There are many videos about various aspects of typography, and we’ve posted several of them here, but this is the only one I’ve seen to date that explains the evolution of type faces in such an engaging, clear and concise manner. The video was made by Ben Barrett-Forrest of Forrest Media, a graphic design and media production firm with offices in Whitehorse, Yukon, and Hamilton, Ontario in Canada. As charmingly simple as it comes across, making the five-minute video was an arduous task. It took Forrest 140 hours to hand-cut 291 paper letters and make 2,454 photographs for this stop-motion animation. It was worth it. Enjoy.
For decades, Moleskine has been renowned for its little black notebook that artists, designers, and writers carry with them everywhere to capture their first inklings of brilliant ideas. Other brands offer notebooks too, but only Moleskine, in iconic black with its external elastic band and ribbon bookmark, signals that you are an authentic and serious creative type. So, Moleskine’s announcement that it is releasing its notebooks and planners in four bright colors, in addition to black, is newsworthy. Insecure creatives may be reluctant to buy a color other than black.
Starbucks in the UK found a novel way to promote its discount latte special, available only on Mondays until February 18. London-based ad agency AMV BBDO created a stop-motion video to tout other great events that happened on a Monday, citing Neil Armstrong’s first walk on the moon, the first chiming of Big Ben, the first performance of Shakespeare’s Macbeth as examples. The entire commercial was produced in-house at Brand New School, using items from Starbucks for props. Coffee cups, napkins, wooden stir sticks, straws and corrugated java jackets serve as stand-ins for super heroes, landmarks and Macbeth’s three witches hunkered around a cauldron stirring up “toil and trouble.” The charm of the animation is its playful homemade quality.

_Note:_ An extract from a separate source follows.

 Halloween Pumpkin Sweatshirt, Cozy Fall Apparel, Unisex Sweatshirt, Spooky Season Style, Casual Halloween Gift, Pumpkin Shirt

The only question is did someone at AMV dream up the idea on a Monday?
Pentagram, the international design consultancy, celebrated its 40th anniversary this year with a stop-motion video, narrated by a voice that sounds somewhat like the Dos Equis “most interesting man in the world.”
“The Forty Story” is a tale of a boy born on the day that Pentagram opened its doors in London, and shows how his life has been impacted by 40 years of Pentagram design. To chronologically (more or less) knit together a small sampling of Pentagram’s amazingly diverse body of work, the storyline veers wildly, starting out by claiming the boy was born in a BP petrol station, walking in Clarks shoes by age 1, shaving with a disposable razor by age 3, publishing poems about Pirelli tires with a Parker Pen by age 6, and acclaimed by Reuters as a lad before being panned by Italy’s 24 Ore and resorting to antidepressants. The story goes on until he finds love and contentment, with Pentagram’s portfolio of projects flashing across the screen.

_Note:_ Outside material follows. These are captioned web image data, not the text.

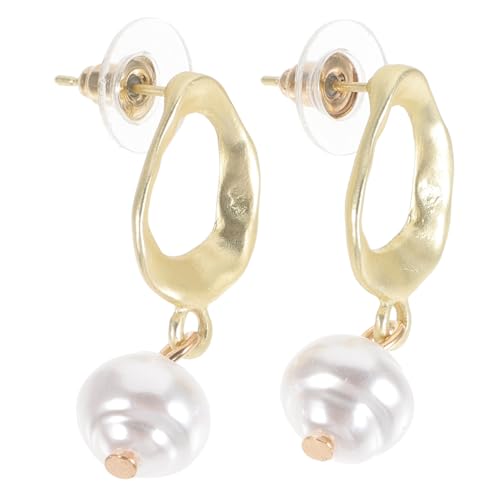 CONGARTENO Europäisch amerikanische Damenohrhänger mit Natürlichen Vintage Süßwasserperlen Modische Tropfen ohrringe aus Legiertem Material Stilvolle Silberne Ohrstecker für Frauen und von CONGARTENO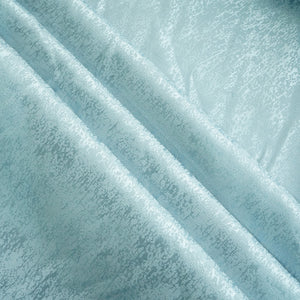 Blue 3D Foil Silk Crepe Fabric 9957
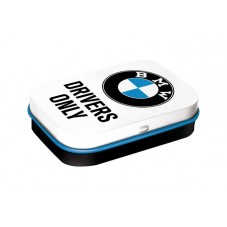 Wunderlich bmw Boîte à pilules BMW Drivers Only par Nostalgic Art - blanc - 25320-900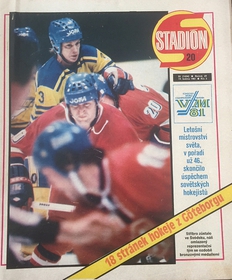 Stadión: Hokej '81: Mimořádné číslo k MS v hokeji 1981 v Göteborgu (20/1981)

The script was written by Naresh Ramchandani and Tom Edmonds, directed by Christian Carlsson, with titles by John Rushworth.
Congratulations on your first 40 years, Pentagram! May your next 40 years be just as stellar.
Origami (which means “to fold” + “paper” in Japanese) is one of the oldest and humblest art forms around, dating back thousands of years, and stop-motion 3-D animation is one of the newest and most technologically advanced art forms. It’s interesting that the two mediums have found each other and it was love at first sight. As time-consuming and difficult as some origami forms are to fold by hand, paper as a construction material is sturdy but flexible, buildable at a small scale, and relatively cheap. In the case of this video ad for Hamburg’s charitable lottery, Deutsche Fernsehlotterie, a whole village with inhabitants and vehicles were brought to life out of paper. Hamburg-based agency, Zum Goldenen Hirschen spearheaded this ad, with Hans-Christoph Schultheiss directing.